- **Collected material**:
****************
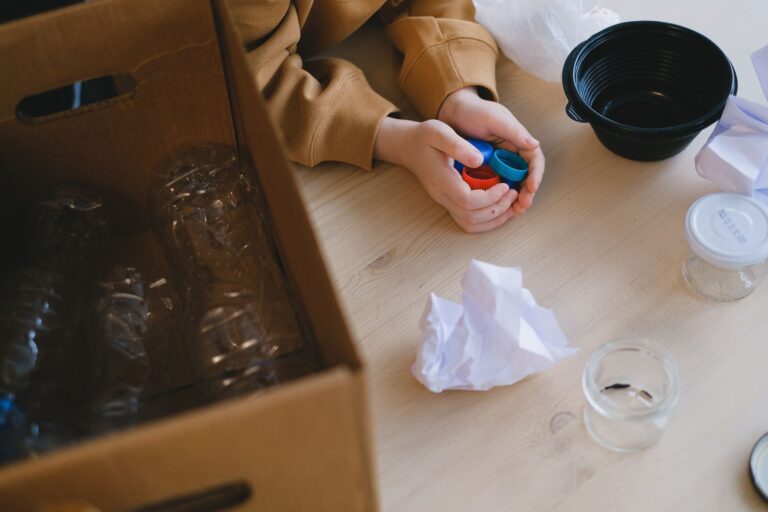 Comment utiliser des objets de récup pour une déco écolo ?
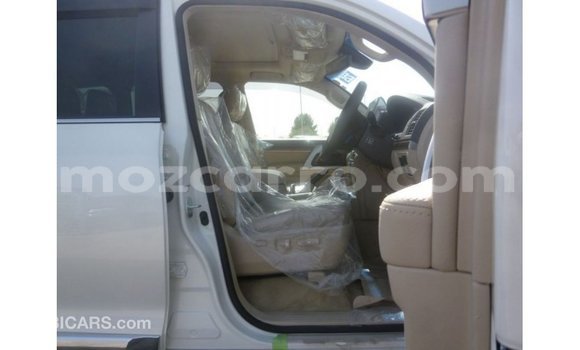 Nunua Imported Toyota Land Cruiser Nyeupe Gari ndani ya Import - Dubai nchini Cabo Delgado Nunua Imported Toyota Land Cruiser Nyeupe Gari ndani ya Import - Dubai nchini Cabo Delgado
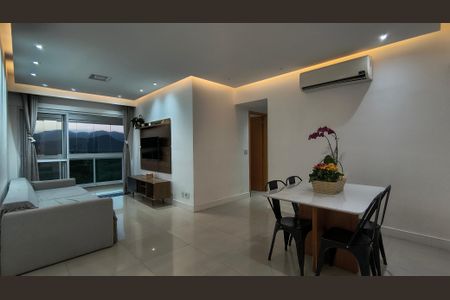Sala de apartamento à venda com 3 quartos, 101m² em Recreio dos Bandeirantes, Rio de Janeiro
****************
- **Task instructions**: Copy out the lines exactly as written, beginning with the one that contains "Cabo Delgado Nunua" and ending with the last line of the material; do not include pictures.

- **Solution to the problem**:
 Nunua Imported Toyota Land Cruiser Nyeupe Gari ndani ya Import - Dubai nchini Cabo Delgado Nunua Imported Toyota Land Cruiser Nyeupe Gari ndani ya Import - Dubai nchini Cabo Delgado
Sala de apartamento à venda com 3 quartos, 101m² em Recreio dos Bandeirantes, Rio de Janeiro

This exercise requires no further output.